# Will Amano shrimp eat baby fish



## Jadenlea (Sep 15, 2011)

I have a batch of baby blue sword tails sitting in a breeder net in my tank. I am thinking of setting up a small tank to move the babies to. I was wondering if Amano shrimp would eat baby fish if I added a few to the tank as a cleaning crew. Also would they eat other smaller shrimp.

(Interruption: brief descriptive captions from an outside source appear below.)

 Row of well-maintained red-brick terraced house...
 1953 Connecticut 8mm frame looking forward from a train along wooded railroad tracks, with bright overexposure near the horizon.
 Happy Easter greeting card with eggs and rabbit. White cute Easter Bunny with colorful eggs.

The reason I ask is because the Amanos in my main tank really seem like bullys. I've watched the tackle much larger fish to get at a prime piece of food but I have no idea if they even have teeth. LOL


----------



## azjenny (Dec 2, 2011)

I don't think they would. I have one in my shrimp tank. She never seems to bother the shrimp, even the baby shrimp. 
But maybe mine is mellow.


----------



## shrimpster (Jan 31, 2012)

I have witnessed an amano eat a freshly molted juvenile shrimp head first still kicking. It was probably stressed as my nitrates were high at the time, but I still hated to see it.


----------



## Jadenlea (Sep 15, 2011)

eek


----------



## diwu13 (Sep 20, 2011)

Amano's are food bullies but won't harm anything that is alive and well.


----------



## Joolzt4482 (May 29, 2013)

I have a few Amano shrimps mixed with some Endlers. I have seen them jump on the back off the Endler and hold on whilst they are wriggling to get away, and eventually the fish just gives up.


----------



## CookieM (Feb 7, 2012)

Amano will eat anything that it can wrestle over. It ate my Thai micro crab, my new Spixi snails got harassed by Amano so much that it won't come out of its shell for 2 days. Had to move it to different tank now they're more active. 

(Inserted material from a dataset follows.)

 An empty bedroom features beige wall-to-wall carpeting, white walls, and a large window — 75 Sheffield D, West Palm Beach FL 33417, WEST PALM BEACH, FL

Amano is a plus to tank communities, they clean algae better than most snails (especially hair algae) But make sure don't get too many or they can become a mob and harass everything in the communities.


----------



## cantsay39 (Jun 10, 2011)

~.~ then i just added bullies into my 10 gal.. >.< 3 Amanos vs RCS & TTs


----------



## dzega (Apr 22, 2013)

they will eat anything, but only if it does not move


----------